La Reforma Electoral llega a la Ciudad: ¿Chau a las PASO porteñas?
Tras el envío del proyecto de Javier Milei al Congreso, el debate aterrizó en la Legislatura de la Ciudad de Buenos Aires. Mientras La Libertad Avanza exige eliminar las primarias y aplicar Ficha Limpia para "terminar con los caprichos políticos", el peronismo y los bloques minoritarios denuncian que la medida busca "proscribir" a las fuerzas más chicas y limitar la participación.
La política porteña está en ebullición. Pilar Ramírez, jefa del bloque libertario, fue la más tajante al exigir que los impuestos de los porteños dejen de financiar internas partidarias. Sin embargo, el camino no será sencillo: para aprobar una reforma de este tipo en la Ciudad se necesitan mayorías especiales y el peronismo (con 20 bancas) ya adelantó su rechazo, argumentando que el aumento de las exigencias para mantener la personería jurídica -como subir el piso electoral del 1% al 3%- obligará a los partidos pequeños a desaparecer o diluirse.
Por su parte, desde el oficialismo local (PRO), las voces son más cautas pero apuntan a un cambio estructural mayor. La legisladora Rocío Figueroa planteó que el verdadero problema es votar cada dos años, lo que mantiene al país en una "campaña permanente". Con un Parlamento fragmentado y posturas tan enfrentadas, la Ciudad se convierte en el nuevo laboratorio de la batalla electoral que propone el Gobierno nacional.

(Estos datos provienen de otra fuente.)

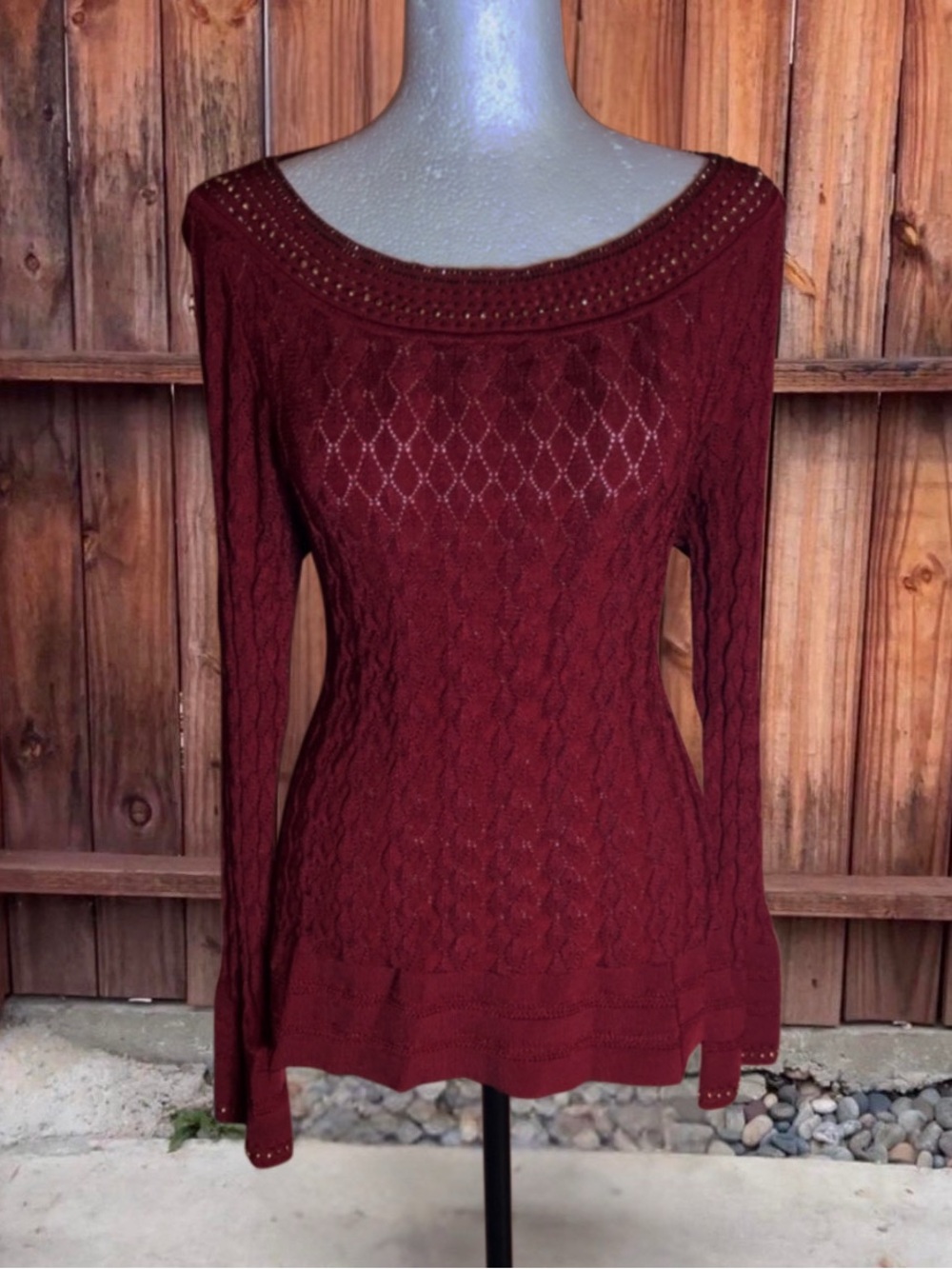 Emma James Burgundy Openwork Off-the-Shoulder Sweater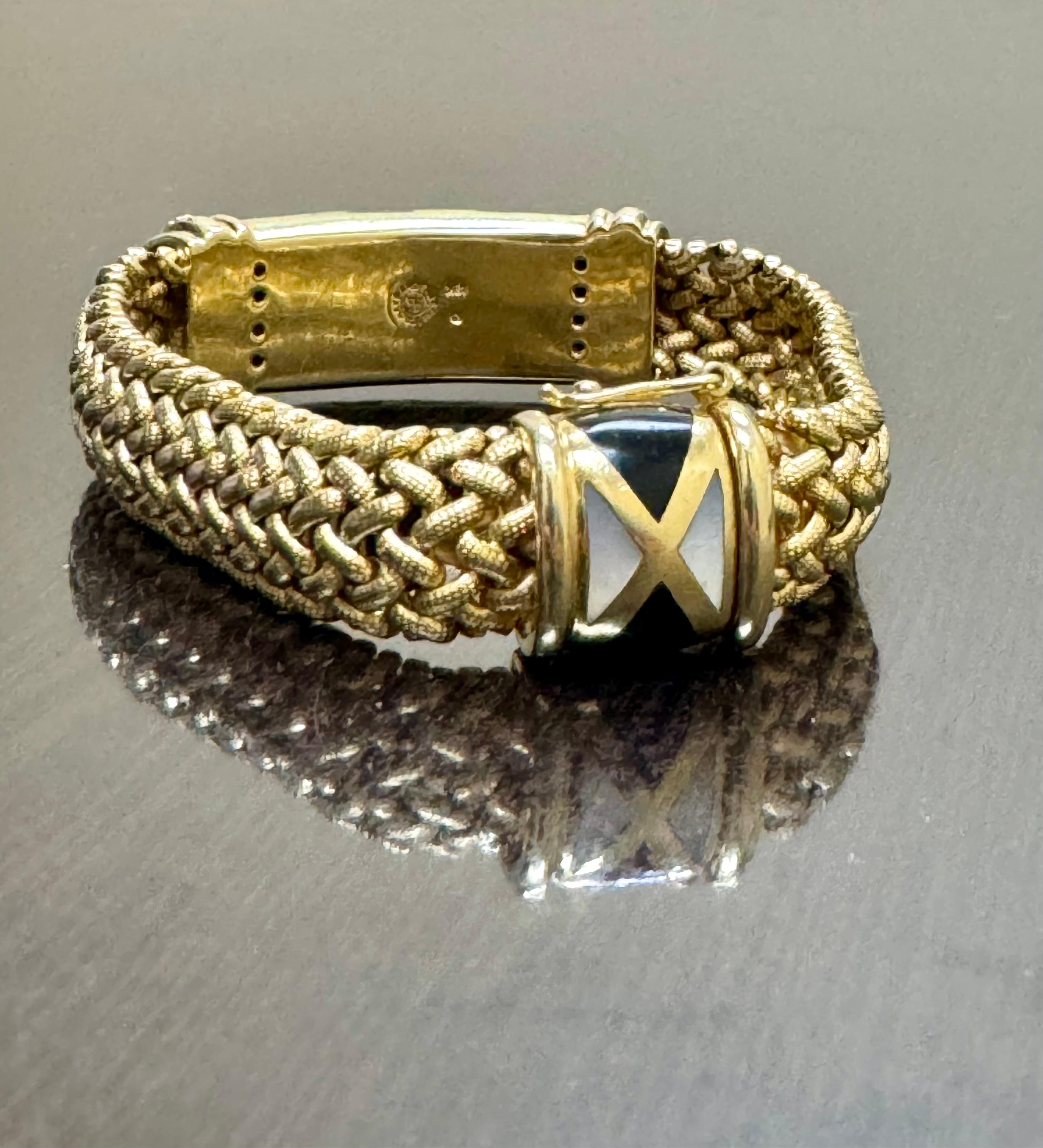 Moderno Bracciale Asch Grossbardt con intarsio di più pietre preziose in oro giallo 18 carati vintage in vendita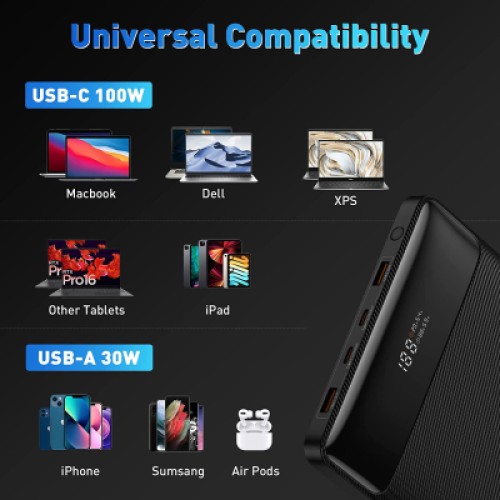 Батарея универсальная Baseus Blade Digital Display 20000mAh PD/100W, Black (PPDGL-01, PPBLD100-S) (PPBL000201)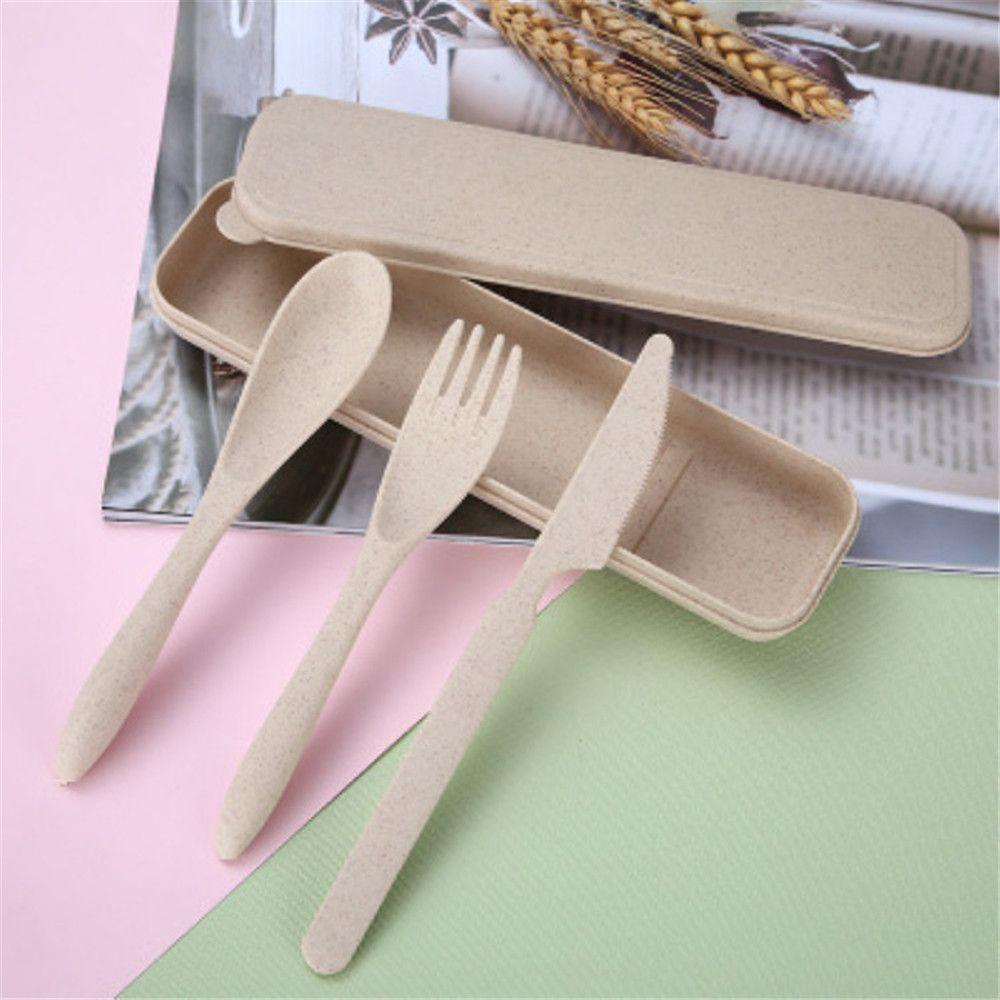 3PCS Eco-friendly Cutlery Box Kitchen Supplies Fork Spoon Tableware Dinnerware Sets Travel Cutlery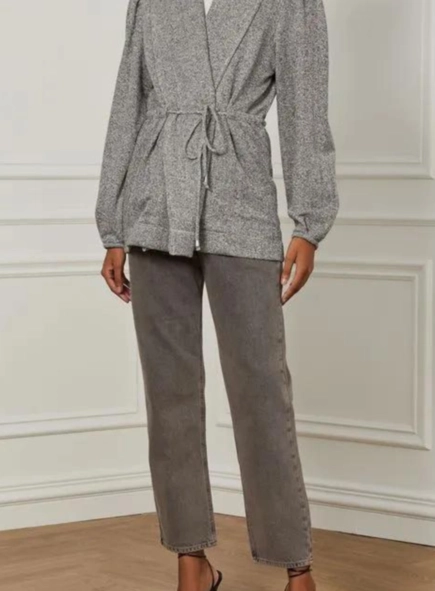 casaco kimono lurex manga bufante animale jeans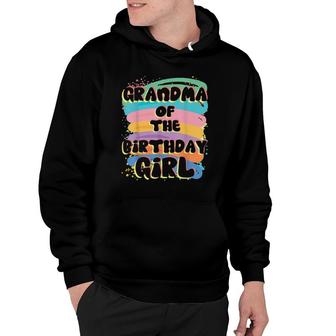 Grandma Of The Birthday Girl Colorful Matching Family Hoodie | Mazezy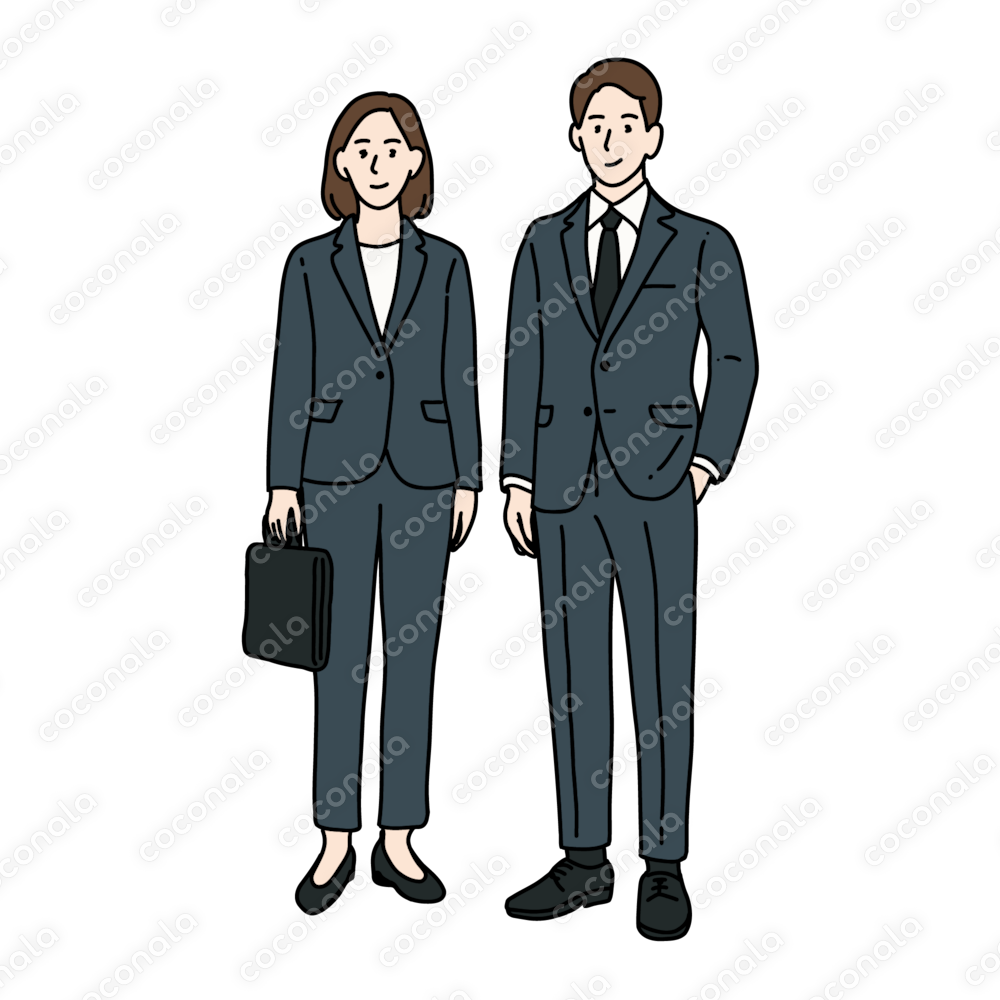 【AI形式】スーツ姿の男女2体セット｜人物イラスト素材まとめ｜編集・商用利用OK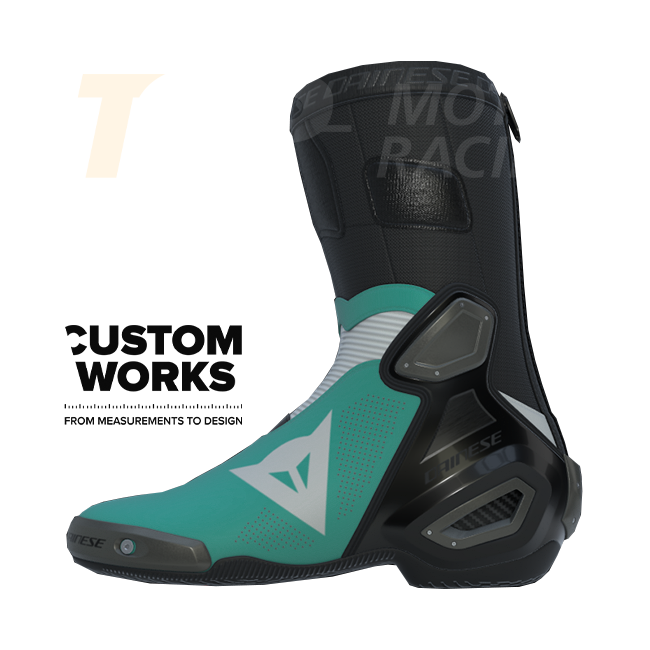 Dainese Axial 2 Air Custom Works motorcycle boots in Sardinia Sea Blue and White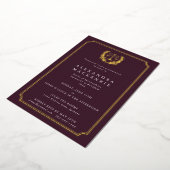 Invitation En Aluminium Foil+Burgundy JD Law School Graduation Party (Rotation)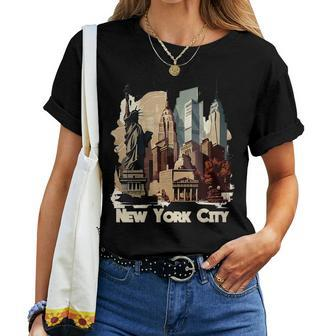 New Yorker Pride Big Apple Nyc Souvenir Distress New York Women T-shirt | Mazezy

Los puntos de conflicto en CABA
El costo de la política: LLA sostiene que las PASO son un gasto innecesario para el contribuyente.
Supervivencia partidaria: La oposición alerta que exigir presencia en 10 provincias (en lugar de 5) y subir el piso al 3% atenta contra la pluralidad de voces.
El factor "Cansancio": El PRO sugiere un debate sobre la periodicidad de las elecciones para salir del modo "campaña eterna".
Ficha Limpia: Hay consenso en la necesidad de transparencia, pero el desacuerdo persiste en el "cómo" y el "cuándo".